* **What this task involves**: For the entries below, return every line from the top through the line with "Powdery Pink indoor" exactly as it stands, omitting pictures.

══════════

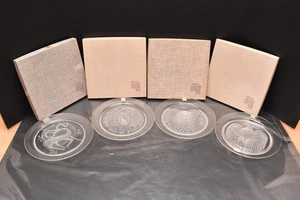 VTG Lalique France Crystal glass SET 4 plates 1968, 70, 71, 76 Annual W BOXES - Picture 1 of 19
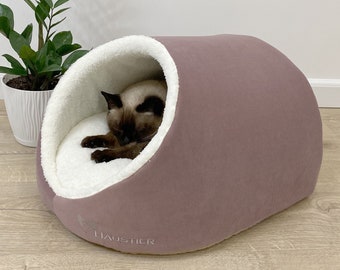 Powdery Pink indoor Pet house | Cozy Puppy house | Soft cat house | Small Pet house with faux fur | Pet cave bed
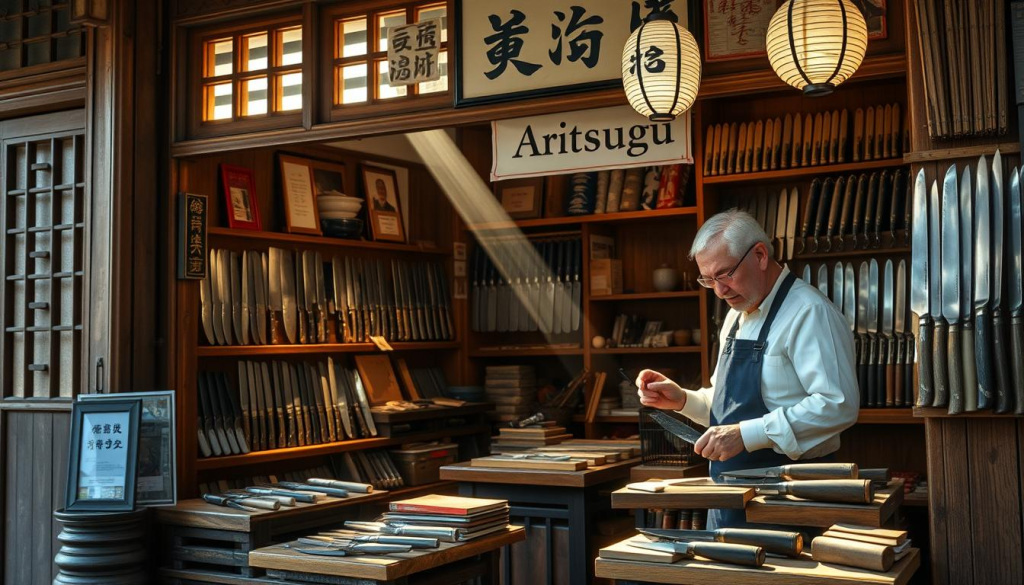 A bustling, traditional Aritsugu cutlery shop in the heart of a historic Japanese town, sunlight streaming through the wooden lattice windows, illuminating the meticulously arranged knives, cleavers, and sharpening stones on the polished display shelves. The skilled shopkeeper, in a crisp apron, carefully selects a hand-forged blade, demonstrating its balance and razor-sharp edge. The air is filled with the rhythmic clang of steel and the scent of freshly sharpened steel, evoking the evolution of knife-making craftsmanship over generations. The shop's timeless exterior, with its weathered wooden facade and hanging lanterns, is a testament to the enduring legacy of Aritsugu's renowned cutlery.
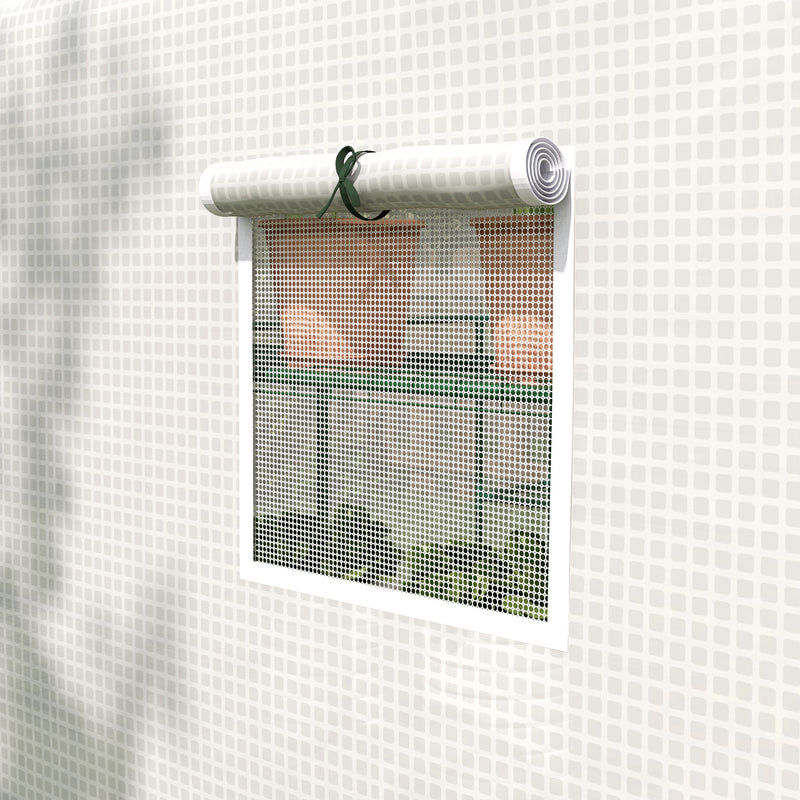 Walk In Garden Greenhouse With 12 Shelves And Roll Up Door For Plants, White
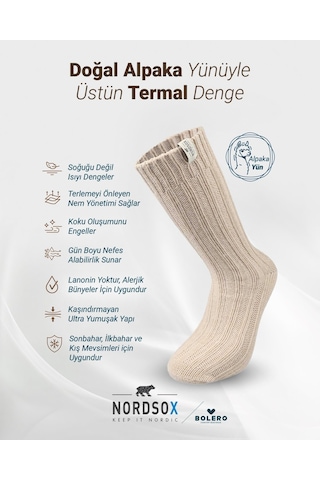 Kadın Alpaka Yün Çorap 3 Lü Paket Bej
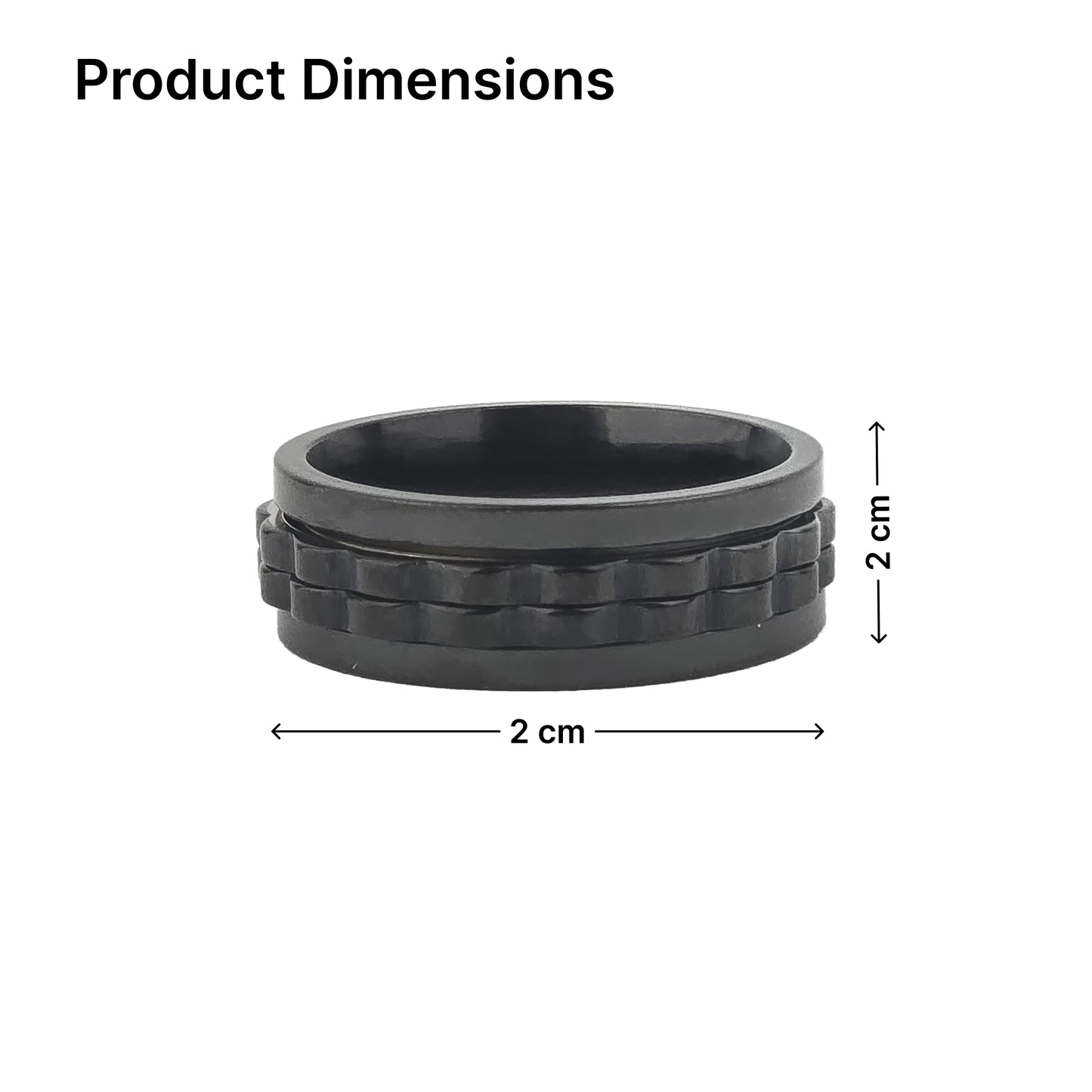 Yellow Chimes mens black fidget spinner ring - unique gift option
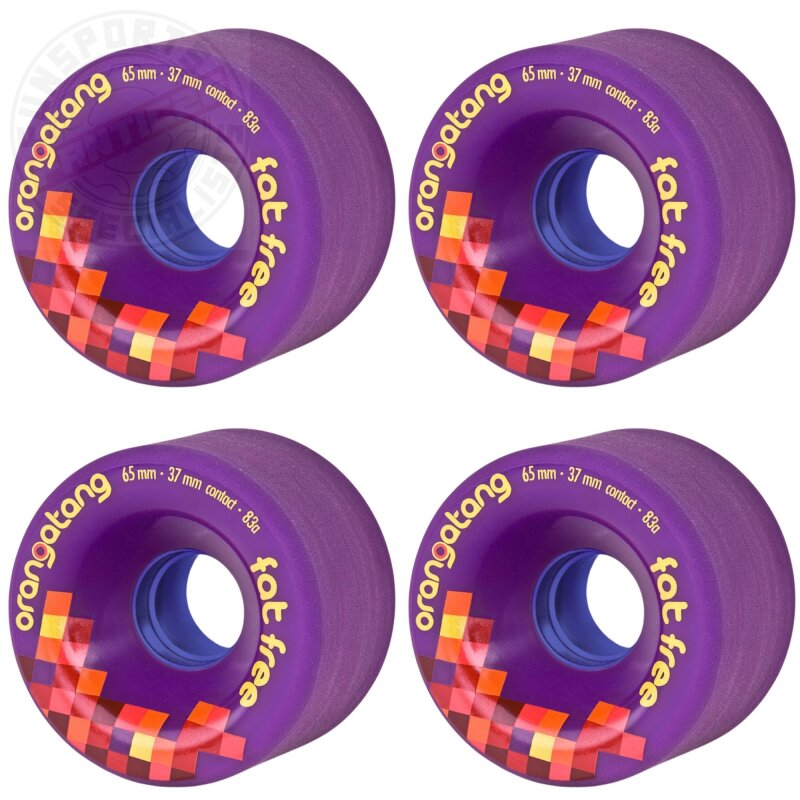 Orangatang Fat Free Longboard Rollen 65mm 83a (4erSet) Lila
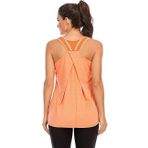 Nekosi Kadın spor üst yoga atleti, üst parça, koşu, fitness, kolsuz file arka fonksiyonel tişört, 02-orange, S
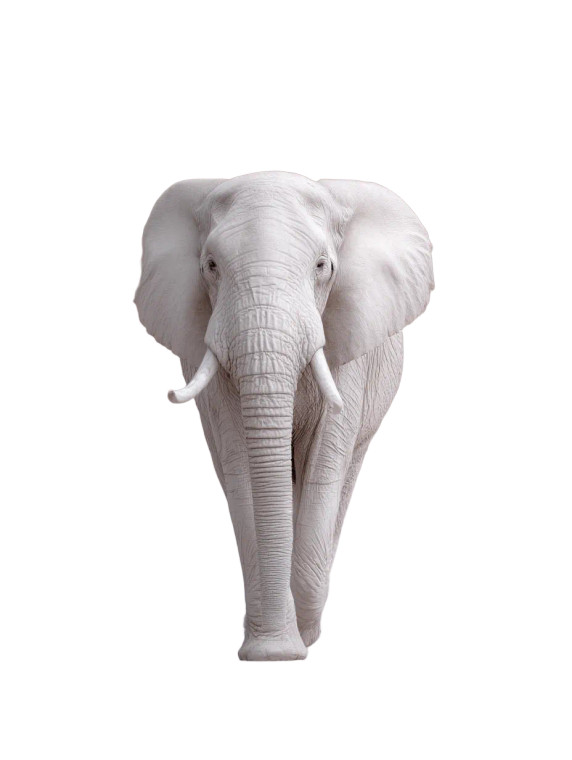 Albino Elephant Charge Vinyl Car Decal Sticker – Waterproof & UV-Resistant 8"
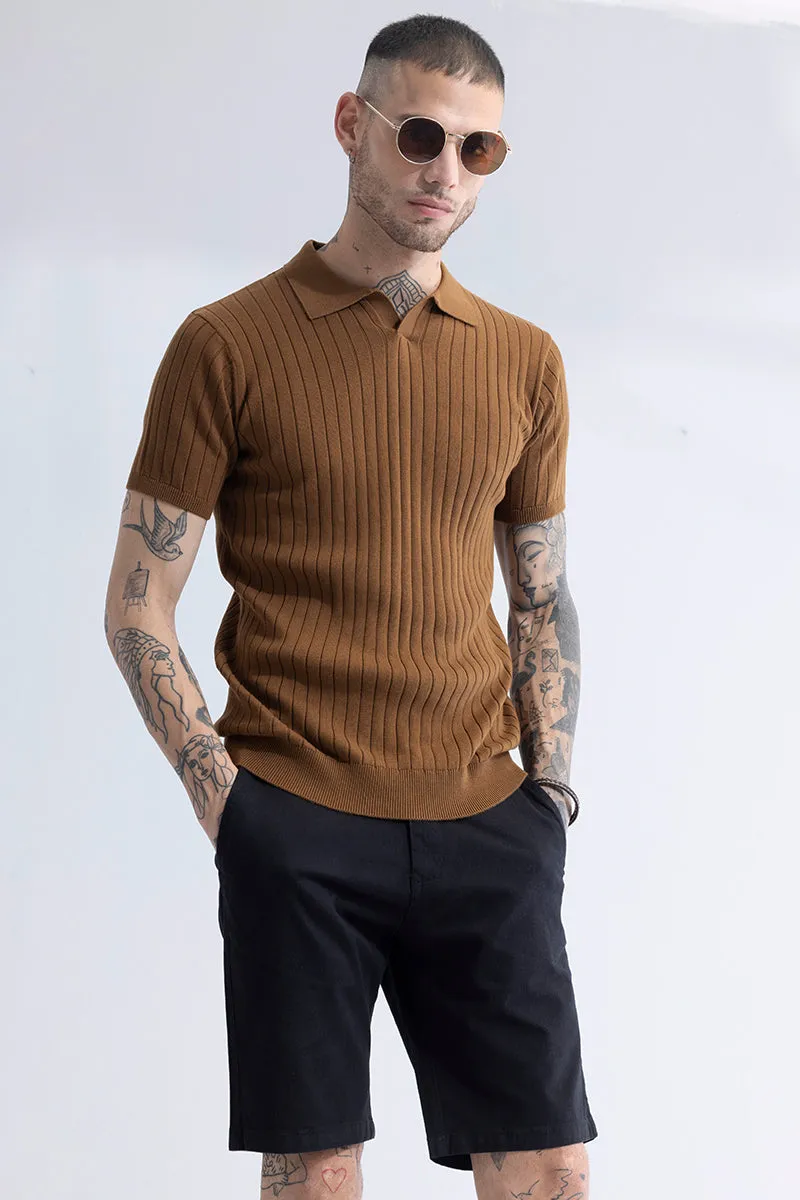 Sleek Striped Brown Polo T-Shirt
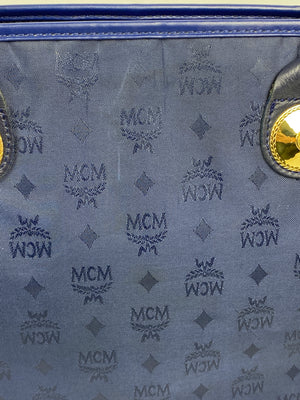 MCM - NAVY NYLON LOGO TOTE BAG GOLD MEDALLION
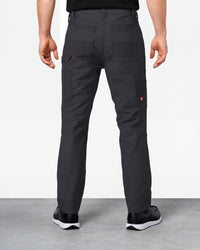 Double Front Work Pants e.s.iconic in black worn by a model, rear view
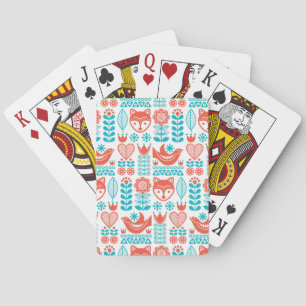 Kunstpatroon Finse vos- en vogelfolk Pokerkaarten
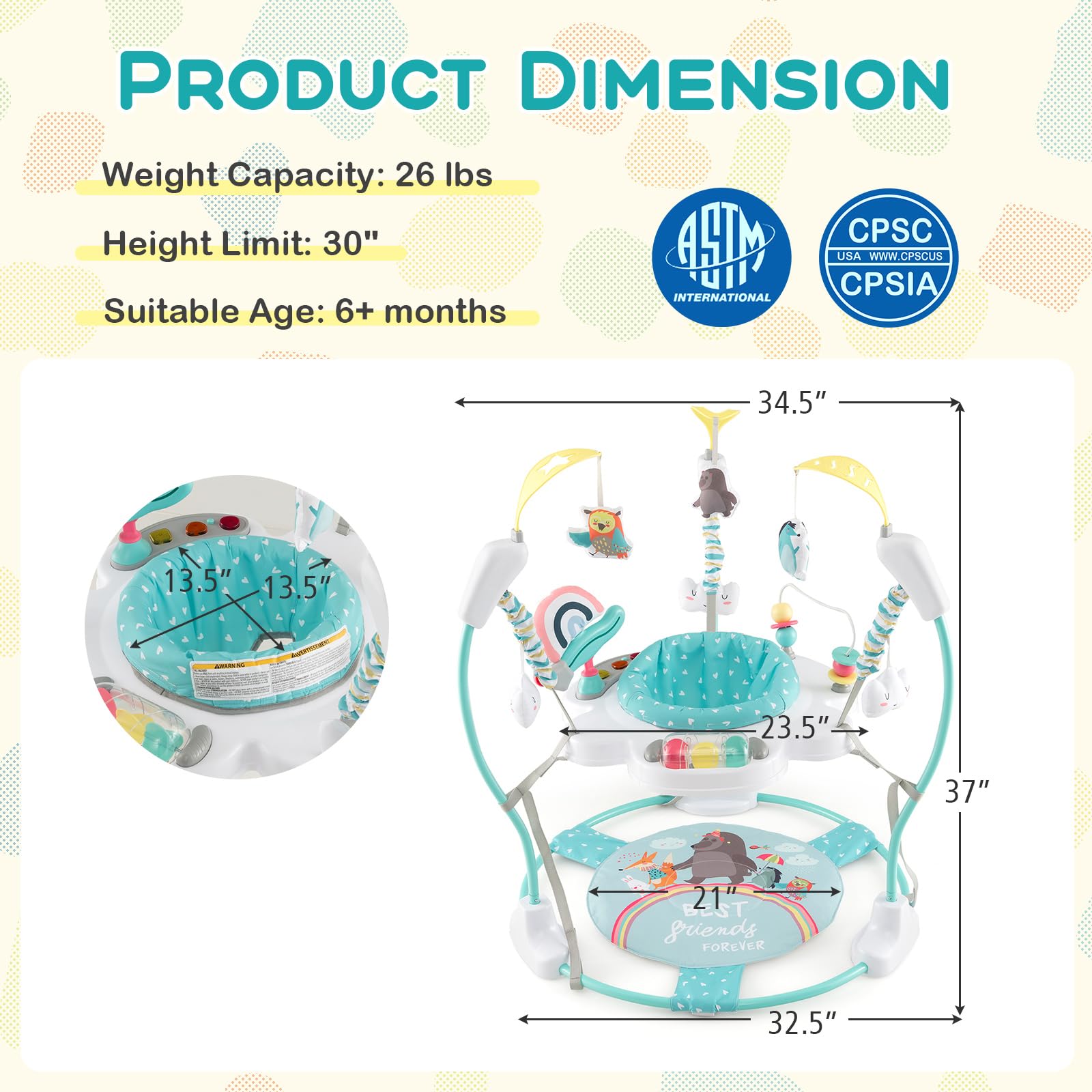 BABY JOY Baby Jumpers & Bouncers - 360° Rotating Activity Center with Music, Lights & Sounds - 3 Adjustable Heights for Infants 6-12 Months - Perfect for Playtime, Learning & Development at Home or Daycare
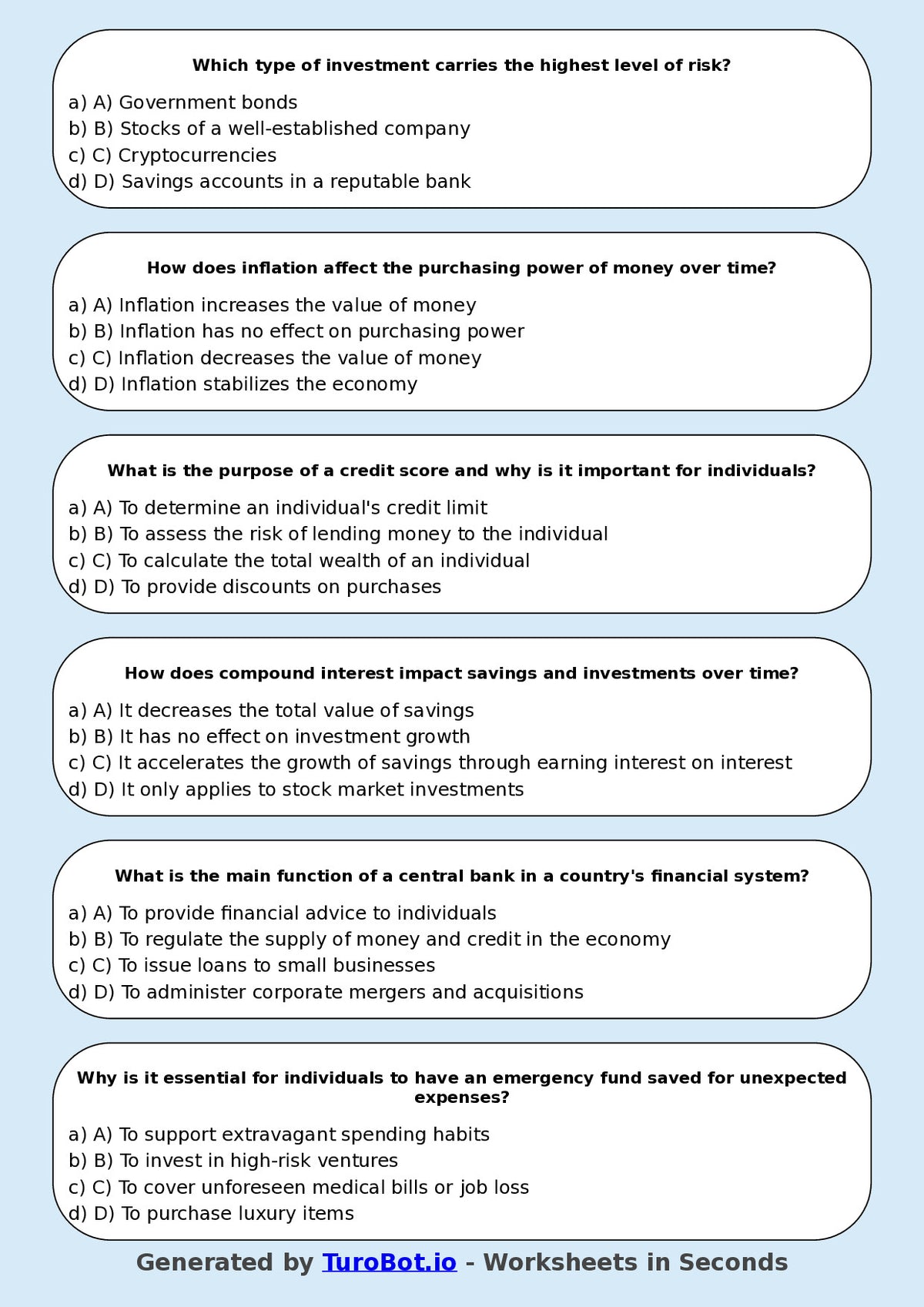 Year 8 Business Multiple Choice Worksheet – Introduction to Money & Banking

══════════

* **Output**:
 VTG Lalique France Crystal glass SET 4 plates 1968, 70, 71, 76 Annual W BOXES - Picture 1 of 19
 Powdery Pink indoor Pet house | Cozy Puppy house | Soft cat house | Small Pet house with faux fur | Pet cave bed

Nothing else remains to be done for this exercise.